For the past four decades, Bean has pursued research on international migration, unauthorized migration, U.S. immigration policy, immigrant integration (especially education), and the demography of the U.S. Hispanic population. He is the author or editor of over 200 scholarly articles and chapters and 21 books on these topics. At UCI, he co-led the large Immigrant Intergenerational Mobility in Metropolitan Los Angeles (IIMMLA) project that examined the integration experiences of several immigrant groups, focusing especially on the role unauthorized Mexican migration plays in limiting the attainments of Mexican-immigrant offspring.

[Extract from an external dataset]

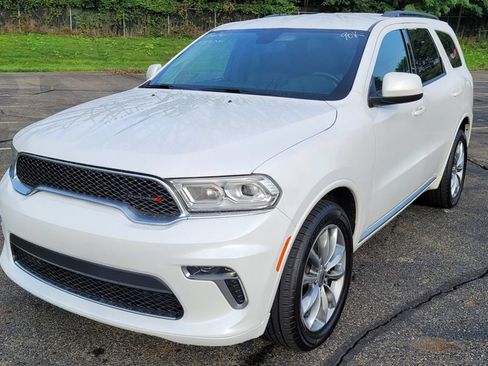 Used 2021 Dodge Durango SXT AWD/4WD image 3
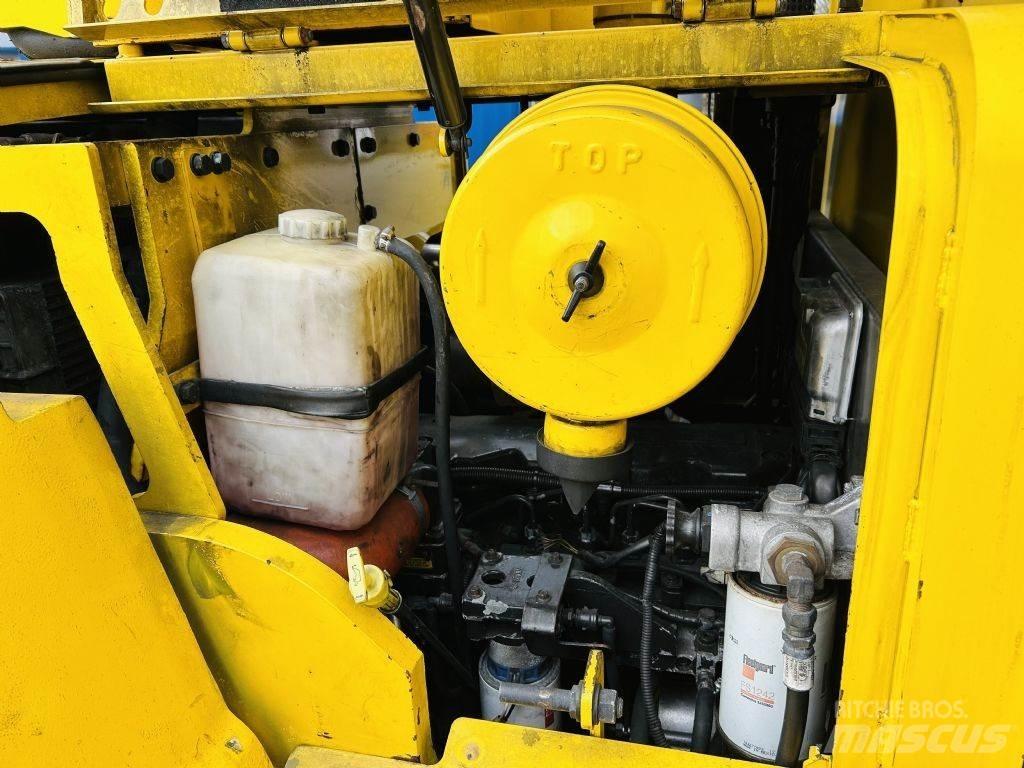 Hyundai 110D-7E Tehnika ar dīzeļa dzinēju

He’s a two-time recipient of the Otis Dudley Duncan Award for Distinguished Scholarship in Social Demography, awarded by the American Sociological Association Section on Sociology of Population. In 2011, he received the Distinguished Career Award from the association’s Section on International Migration.

Bean is currently part of a collaborative research team that is developing methods to provide better estimates of the size of the unauthorized Mexican population in the U.S. His previous work had found that research underestimates the size of the Mexican-born population in the country during economic-boom periods.

Another recent study revealed that immigrants have played a critical role in filling worker shortages in less-skilled jobs over the past two decades. Using statistics from the U.S. Census Bureau’s American Community Survey, he found that while the U.S. working-age population grew annually from 1990-2010, the number of less skilled, 25- to 44-year-old, U.S.-born workers with no higher education shrank at a considerably higher rate. At the same time, the number of less-skilled jobs in the economy remained constant, with foreign-born workers playing a critical role in keeping the U.S. economy afloat.

In April, Bean briefed members of Congress on the situation, noting that immigration reform was vital for filling what will continue to be a widening less-skilled workforce gap.

An elected member of the Council on Foreign Relations and a previous Guggenheim Fellow, Bean has also received prestigious competitively-awarded positions at the American Academy in Berlin, the Russell Sage Foundation in New York, and the Transatlantic Academy/German Marshall Fund in Washington, D.C.  He is a frequent panelist and invited speaker on issues pertaining to immigration and immigrant integration at meetings around the world.

His research has been supported by the National Institutes of Health, Hewlett Foundation, Russell Sage Foundation, U.S. Census Bureau, National Science Foundation, Andrew W.  Mellon Foundation, and others.

Bean studied at Oberlin College and received a bachelor’s in sociology from the University of Kentucky and a master’s and Ph.D. in sociology from Duke University. He spent nearly 30 years as a professor at the University of Texas at Austin where he chaired the sociology department and founded the Center for Research on Migration and the U.S./Mexico Border. While on leave from Texas, he founded the Population Studies Center and RAND/Urban Institute Program for Research on Immigration Policy at The Urban Institute in Washington, D.C. Bean came to UCI in 1999 and in 2006 he was named a UCI Chancellor’s Professor.